Extraits de l'acte de mariage de Nicolas Edouard Lorillon et Pauline Delacroix le 26/10/1840 à Canteleu (76)
Temps de lecture : 9 minutes

Qui étaient les parents de Nicolas Edouard Lorillon (sosa 84) ? Pendant des années je suis restée bloquée sur cette question. C’était à l’époque où les archives n’étaient pas numérisées. Et toutes mes recherches avaient échoué. Nous étions dans les années 90 (au siècle dernier pour les jeunes).

Ma branche Lorillon commence (ou se termine, c’est selon) par Louisa Henriette Lorillon (sosa 21), grand-mère paternelle de ma grand-mère paternelle et petite-fille de Nicolas Edouard Lorillon. Elle était la fille d’Elie Nicolas Lorillon (sosa 42) dont j’ai déjà parlé dans ce billet.

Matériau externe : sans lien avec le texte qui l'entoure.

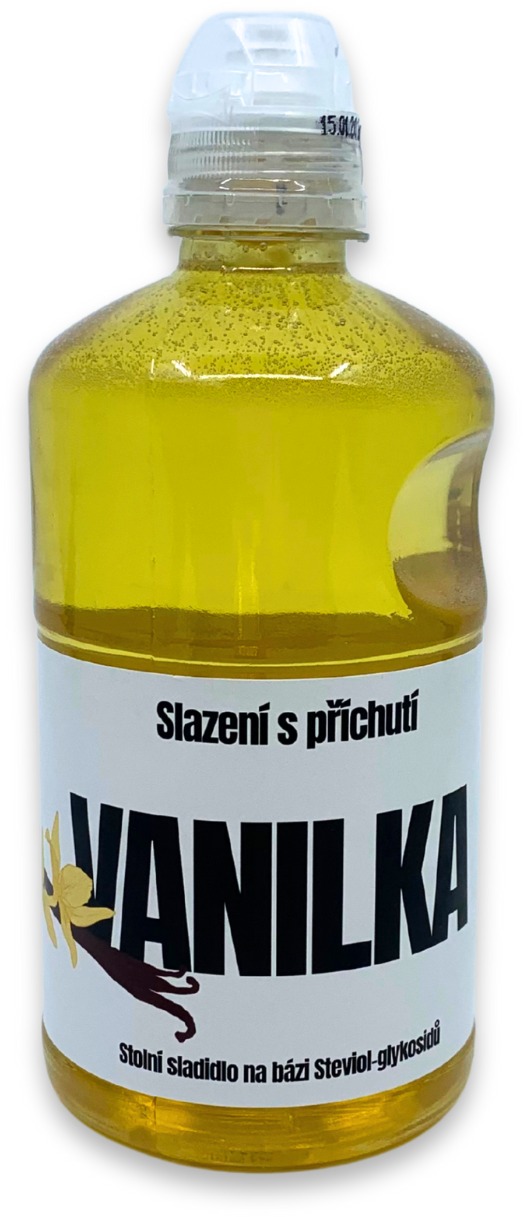 Vrané Trade Slazení s příchutí Vanilka, 500 ml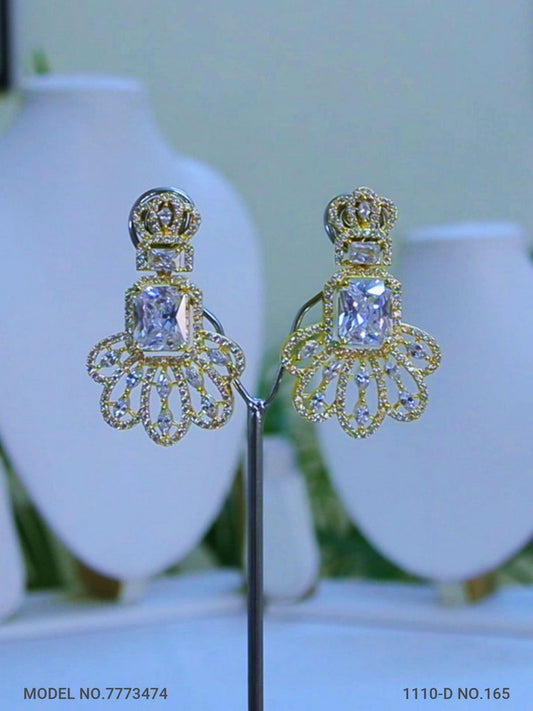 Indian CZ Earrings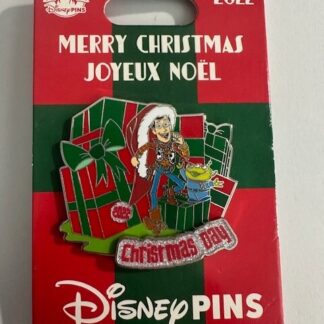 Disney Woody and Alien Christmas Day Pin Little Green Alien (B)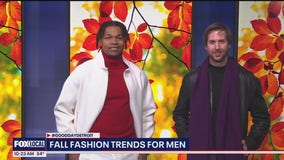 Check out the latest trends in men's fall fashion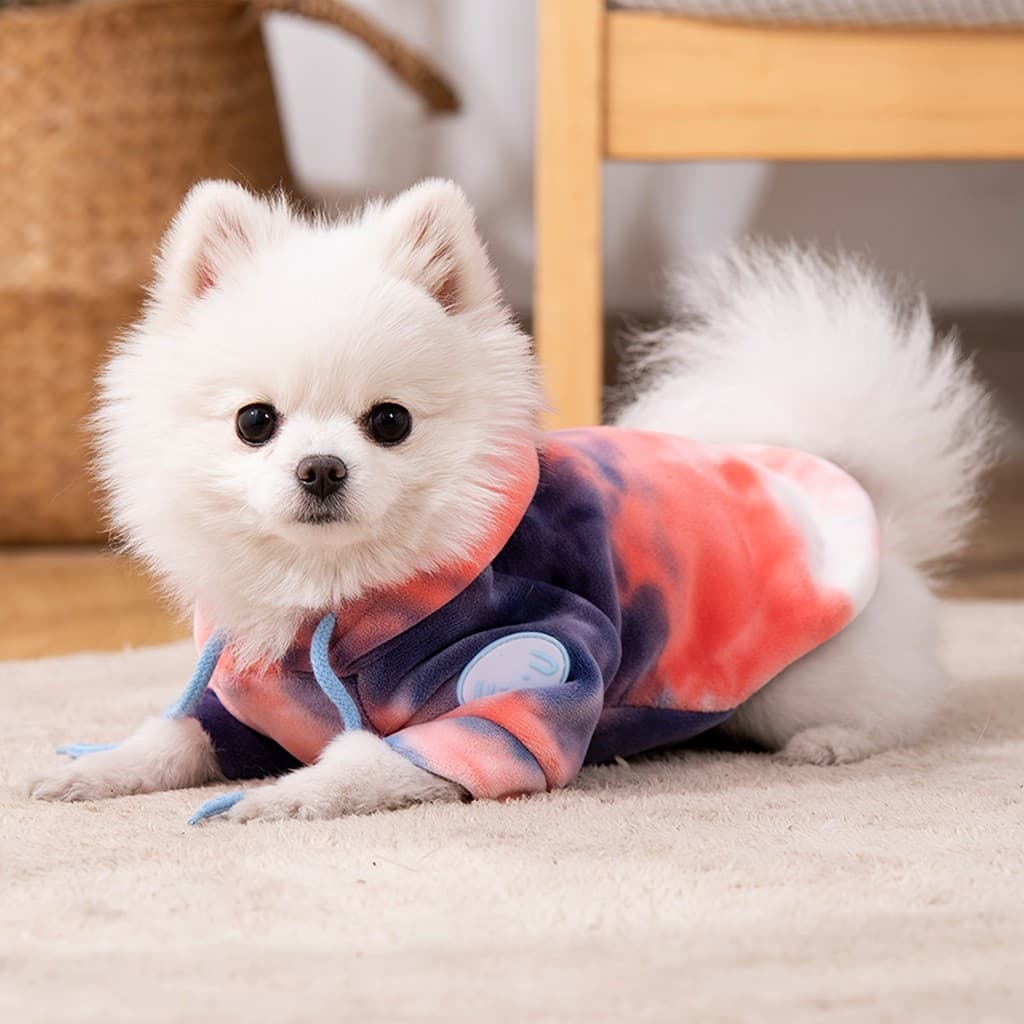 Casaco Quente com Capuz para Cães Pequenos e Médios - Roupa de Inverno Perfeita para Seu Amigo Peludo KBJU**&**&&&
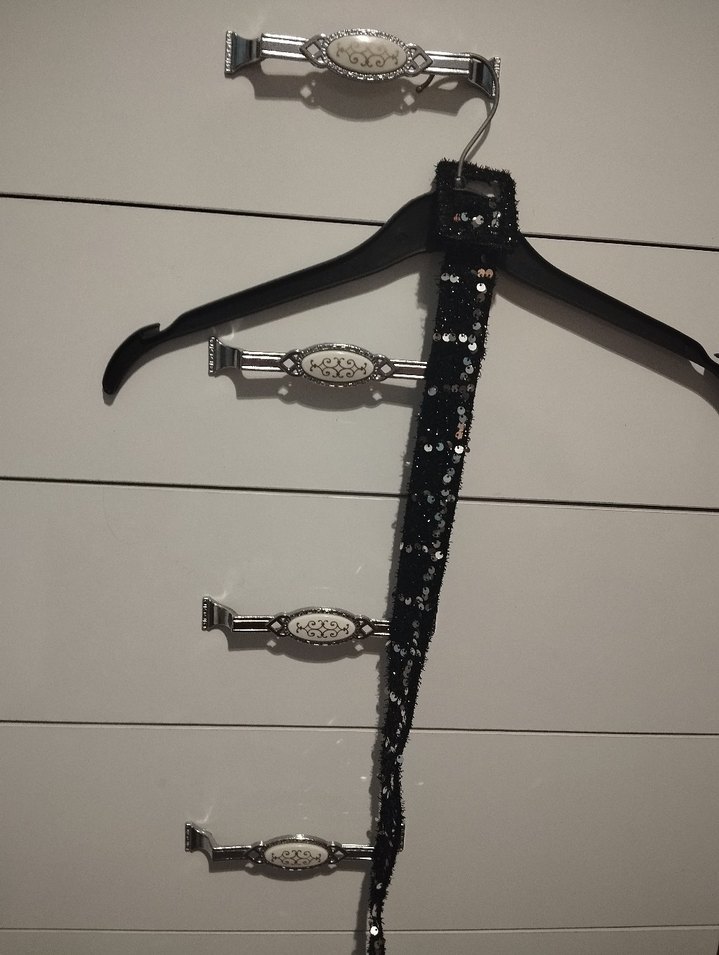 Siyah Pullu Kemer - Görsel 3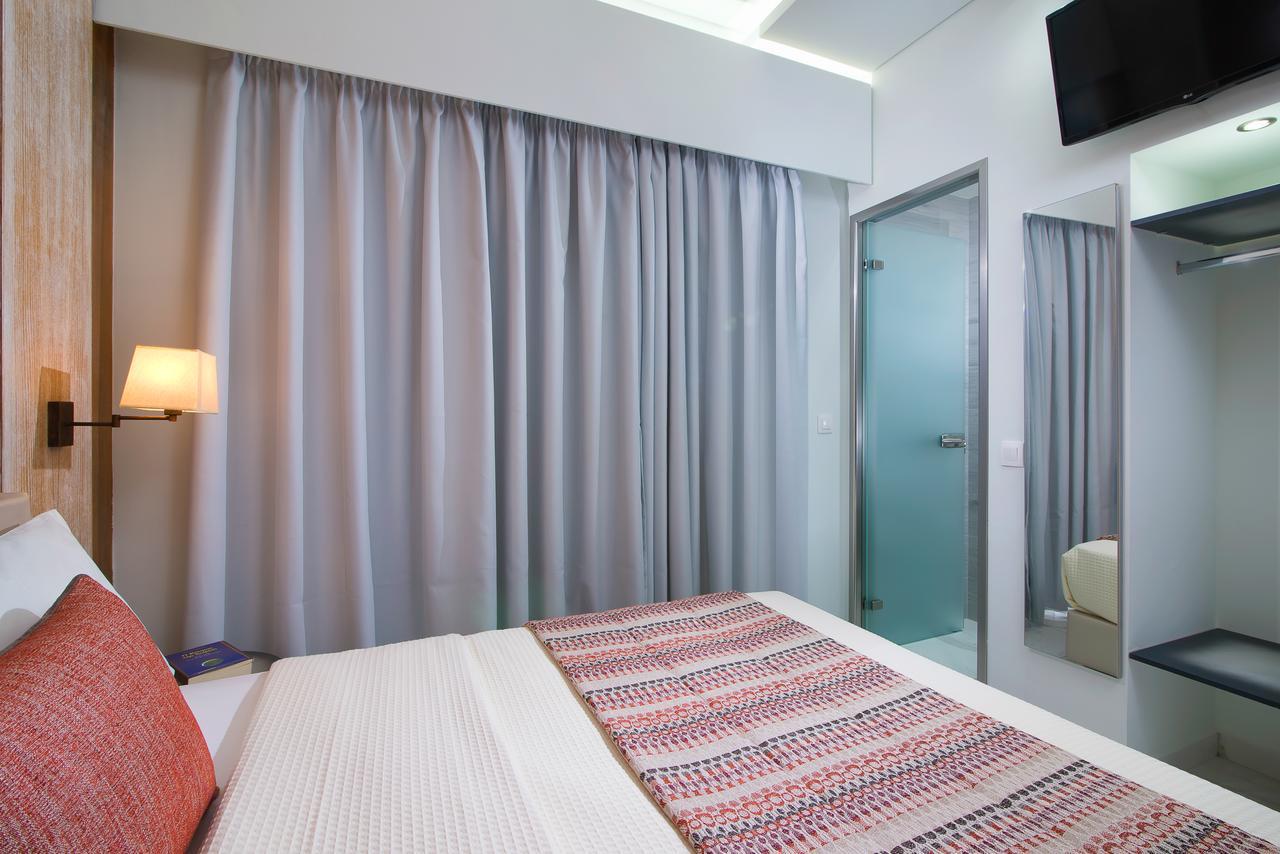 Molos Hotel Limenaria  Buitenkant foto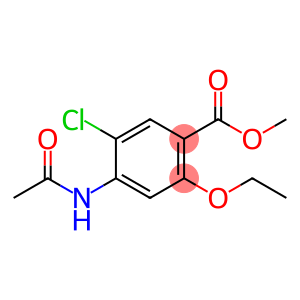 methyl 4-(acetylamino)-5-chloro-2-ethoxybenzoate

Ma première « rencontre » avec les parents de Nicolas Edouard Lorillon a lieu lors du mariage de celui-ci avec Pauline Delacroix (sosa 85), le 26 octobre 1840 à Canteleu (76). Nicolas Edouard était alors employé des douanes et habitait Canteleu. Dans son acte de mariage, j’apprends qu’il est né à Tréforest (maintenant réuni à Mesnil-Mauger) le 28 janvier 1812. Il est indiqué que ses parents sont François Lorillon (sosa 168) et Marie Marguerite Payen (sosa 169) « dont le domicile est inconnu et qui n’ont pu manifester leur volonté« . Le lien entre Nicolas Edouard et ses parents semble donc totalement rompu. Et le juge de paix du canton de Forges-les-Eaux, auquel appartient Tréforest, n’a pas davantage pu les retrouver. Un acte de notoriété a en effet été produit pour constater que leur domicile était bien inconnu.

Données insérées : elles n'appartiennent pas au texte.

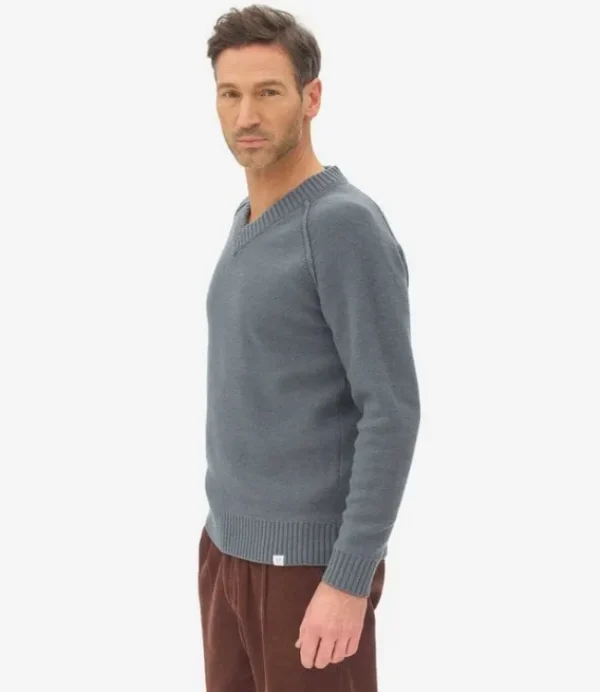 Heren NOWADAYS wool knit NAD0215D3 stormy weather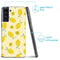 Design hoesje voor de Samsung Galaxy S21 FE - Lemons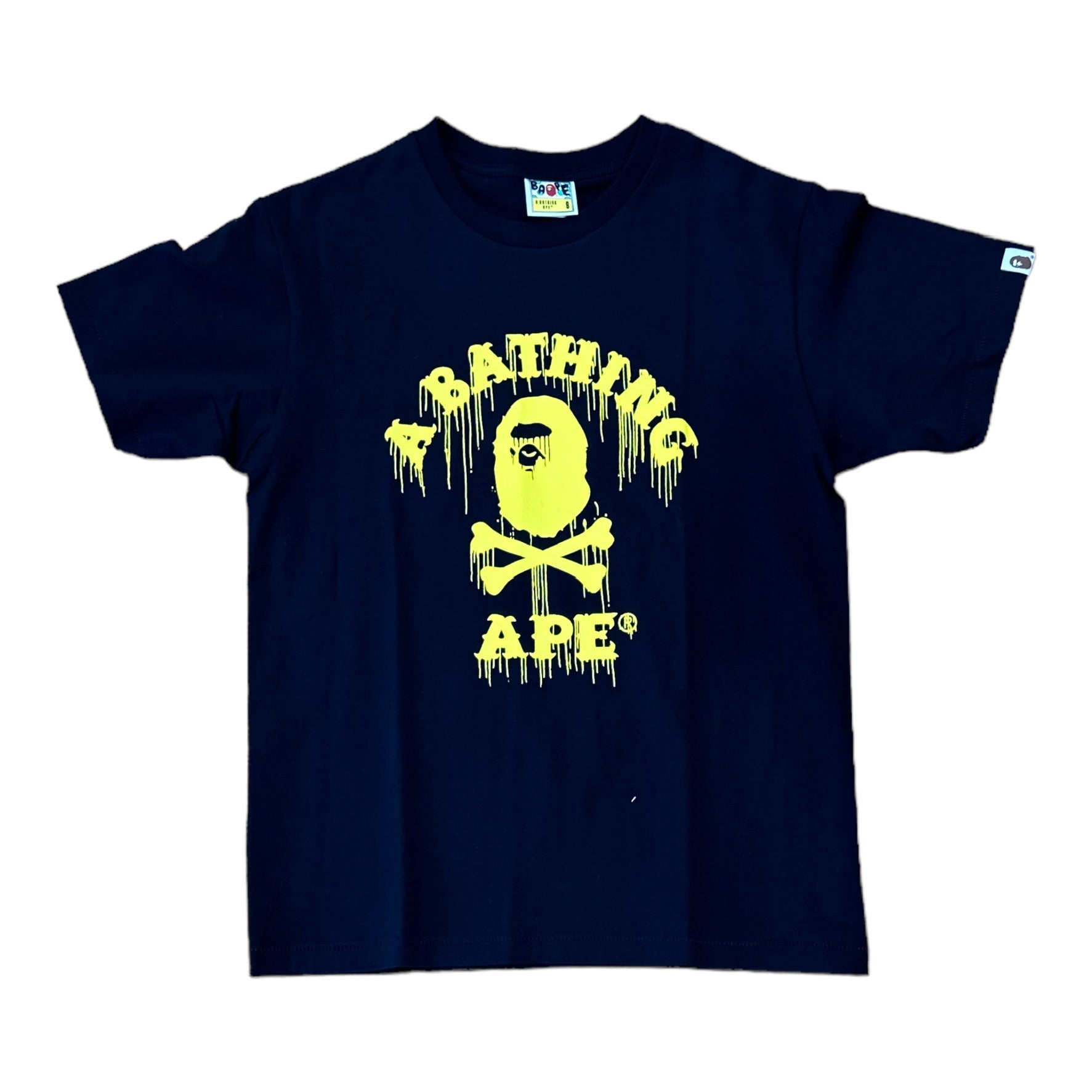 BATHING APE: Crossbone Bape SS Tee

Extraits de l’acte de mariage de Nicolas Edouard Lorillon et Pauline Delacroix le 26/10/1840 à Canteleu (76) – AD 76 – Canteleu – NMD 1840 – 3E 00482 – vue 74/103

Les témoins de Nicolas Edouard sont des amis, aucune personne de sa famille n’est présente.

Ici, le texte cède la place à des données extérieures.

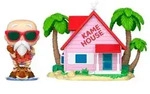 POP-Figur Town Dragon Ball Master Roshi im Kame House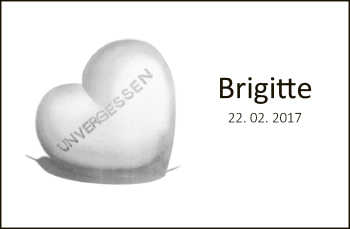 Traueranzeige von Brigitte  von Neue Westfälische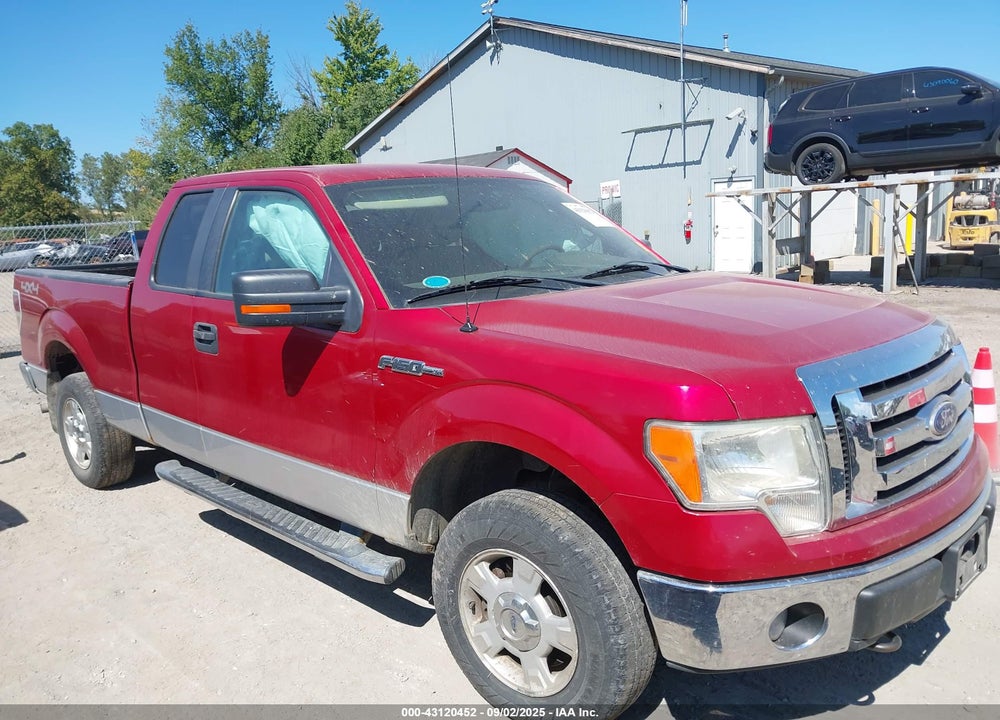 2010 FORD F-150 VIN: 1FTFX1EV0AFC28790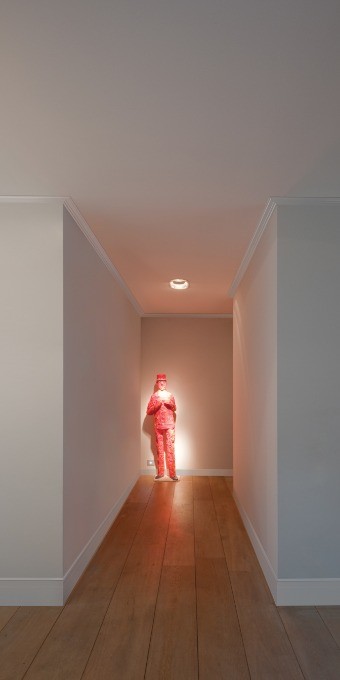 Потолочный плинтус под покраску Orac Decor Orac Luxxus C355 2000×111×35 фото в интерьере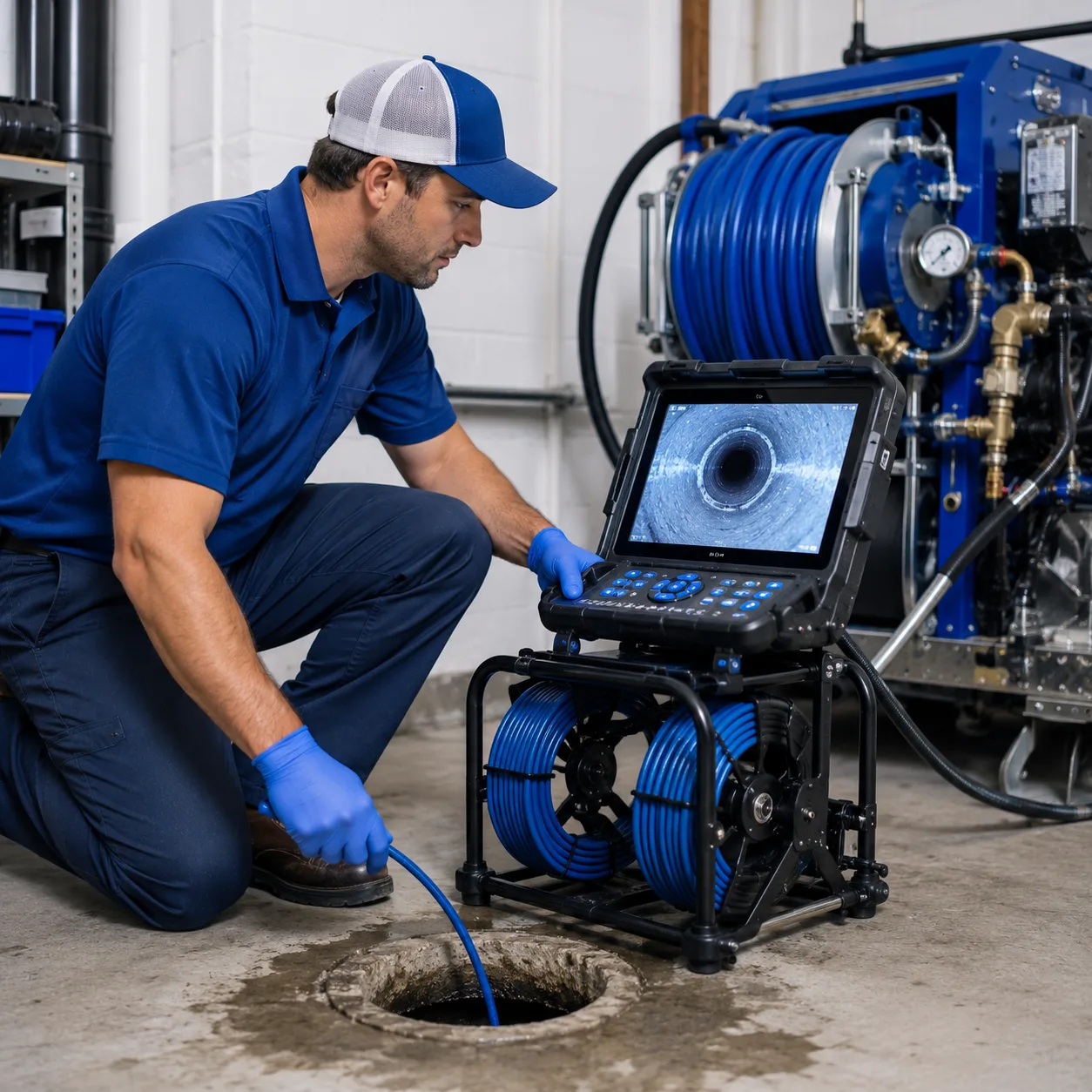 Drainage restoration professionals serving Bowmanstown, PA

Son acte de naissance confirme le nom de ses parents.

Nous sommes en 1812 et François Lorillon est dit âgé de 49 ans, être journalier et domicilié à Tréforest. Il serait donc né vers 1773. Aucun âge n’est indiqué pour Marie Marguerite Payen, elle est juste désignée comme l’épouse de François.

J’en suis restée là pendant des années, sans rien trouver sur ce couple.

Les autres enfants du couple

En 2018, grâce à Filae, je trouve plusieurs autres enfants au couple :

  • Jean Sébastien Lorillon né le 19 janvier 1810 à Tréforest comme mon ancêtre Nicolas Edouard. Comme quoi, je n’avais encore une fois pas bien cherché… avais-je jamais consulté les tables décennales de Tréforest ? Manifestement non ! Dans cet acte de naissance, François est dit âgé de 46 ans,
  • Marie Marguerite née le 17 mai 1813 à Beaubec-la-Rosière et décédée le 26 juin suivant, son père a 48 ans
  • Stanislas né, toujours à Beaubec-la-Rosière, le 7 juillet 1814, également décédé 17 jours plus tard, son père a 49 ans.

Il ressort donc de ces nouvelles informations que François Lorillon serait né vers 1763. La date de 1773 déduite de l’acte de naissance de Nicolas Edouard était probablement fausse.

Par ailleurs dans tous les actes trouvés, François Lorillon est dit journalier.

Je trouve ensuite que Jean Sébastien s’est marié à Bouelles (76) le 8 décembre 1838. D’après l’acte, ses parents étaient domiciliés à Gaillefontaine (76). Mais là aussi un acte de notoriété est produit attestant que Jean Sébastien « ne peut produire l’acte de décès de ses père et mère ni celles de ses ayeux, qu’étant absent depuis dix huit ans, il en a perdu la trace et ne sait ce qu’ils sont devenus« . Cela signifie que dès l’âge de 10 ans, il ne vivait plus avec ses parents.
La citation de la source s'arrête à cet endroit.